Холокост и судьба европейских евреев также занимают в памяти двух частей континента разное место. Западная Европа выходила из войны с опытом поражения, оккупации и коллаборационизма. Катастрофа евреев, как особое явление, занимающее идеологически центральное место в проекте нацизма и являющееся вместе с тем источником моральных проблем в большинстве европейских государств, было в течение двадцати лет покрыто молчанием. Тони Юдт [профессор истории при Университете Нью-Йорка] писал о построении Евросоюза на основании «контракта о беспамятстве».

Начиная с 60-х годов Холокост постепенно выходит в памяти Запада на центральное место. Парадоксальным эффектом этого процесса было вытеснение на более дальний план страданий, которые от рук Третьего рейха испытали другие народы. Это, кроме всего, содействовало минимизации преступлений Советского Союза. Рассказ о Катастрофе, о еврейском страдании выталкивал также на более дальний план историю героических поступков, историю борьбы и сопротивления.

Центральная и Восточная Европа вплотную столкнулась с наследием Холокоста лишь после 1989 года. Коммунистические власти скрывали специфику и размеры еврейской катастрофы и гибели евреев – поскольку были не в состоянии интерпретировать ее в классовых категориях, поскольку Сталин на исходе жизни вел грубую антисемитскую политику, поскольку люди боялись мнения «еврейской» власти, поскольку Израиль принадлежал к враждебному лагерю. Сильные традиции антисемитизма и полвека коммунизма не облегчали понимания специфики еврейской мартирологии. Далее, помимо миллионов еврейских жертв, здесь были миллионы жертв польского, русского и других народов. Кроме жертв нацизма, многочисленными были и жертвы коммунизма. Наконец, в памяти народов этого региона, от балтийских государств до Румынии, евреи, жертвы преступлений Гитлера, одновременно воспринимались как одни из ответственных за преступления коммунизма. Довольно распространенное в Польше отождествление евреев и коммунизма в популярной эндековской формуле «жидокоммуна» было наследием довоенного антисемитизма. Разумеется, коммунизм был бы после войны навязан Польше и без евреев тоже. Но относительно большое их количество в аппарате власти, казалось, подтверждало наихудшие предубеждения. Евреи – как это часто бывало с национальными меньшинствами в больших империях – властями многих государств региона использовались в первом периоде коммунистического правления против местного большинства. Так было и во времена советской оккупации восточной части Польши в 1939–1941 гг. Этот факт препятствовал возможности преодолеть наследие антисемитизма. Затруднял местному населению приятие и переживание трагедии польских евреев, евреев всей Европы.
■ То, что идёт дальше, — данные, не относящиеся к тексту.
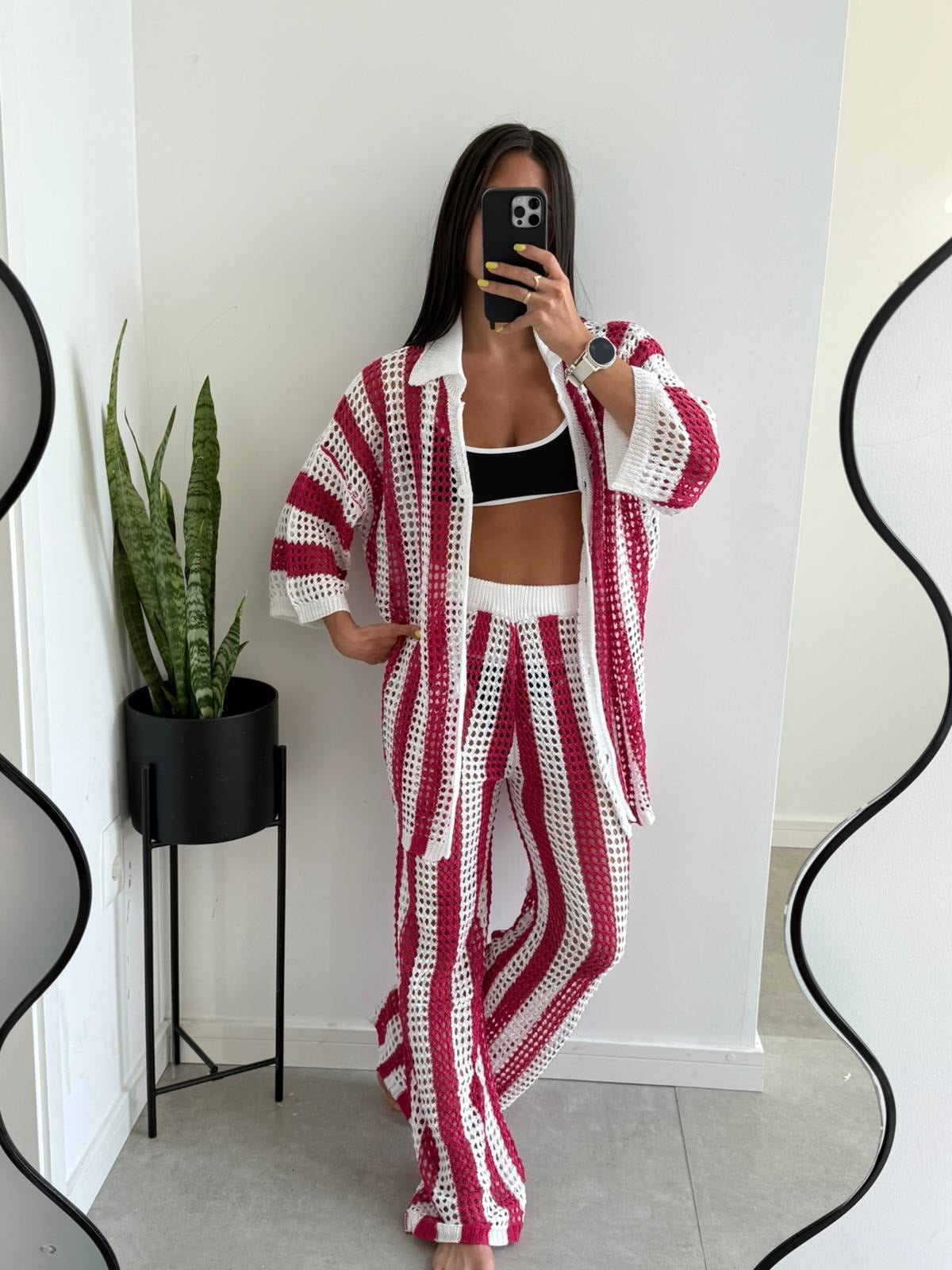 Conjunto Carmen de crochet a rayas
С перспективы Западной Европы было невозможно понять и невозможно принять проявления антисемитизма в такой стране, как Польша, где были совершены самые страшные преступления Гитлера, где после войны имели место погромы евреев, обвинявшихся в ритуальных убийствах, где уже после 1989 года велись баталии за символическое господство над лагерем в Аушвице (конфликт вокруг Кармеля, вокруг крестов на гравийной площадке) с участием самых высоких иерархов Церкви.

Польско-немецкий и польско-российский конфликты памяти не являются и не могут являться источником проблем для польской идентичности. Нет сомнений в том, где был палач и где была жертва. Иначе обстоит дело с польско-еврейскими отношениями. Шок, вызванный раскрытием правды об отношении большой части польского общества к евреям во время войны и после войны, был, в частности, результатом доминировавшего до недавнего времени, а в большой степени присутствующего и сегодня невинного, невиновного сознания поляков. Их убежденности в том, что это они, поляки, были жертвой других, – убежденности, при которой никогда не возникало и мысли, что другие могли быть жертвой поляков. Преступление в Едвабно, напоминание о погромах и послевоенных убийствах в книгах Яна Томаша Гросса драматическим образом поставили вопрос об отношении к евреям в центр польских дискуссий, вызвав настоящее потрясение. Насколько щекотливой стала эта тема, доказывает скандал вокруг статьи в немецком «Шпигеле», содержащей довольно-таки очевидные тезисы об участии какой-то доли покоренных Германией народов, в том числе и поляков, в деле уничтожения евреев.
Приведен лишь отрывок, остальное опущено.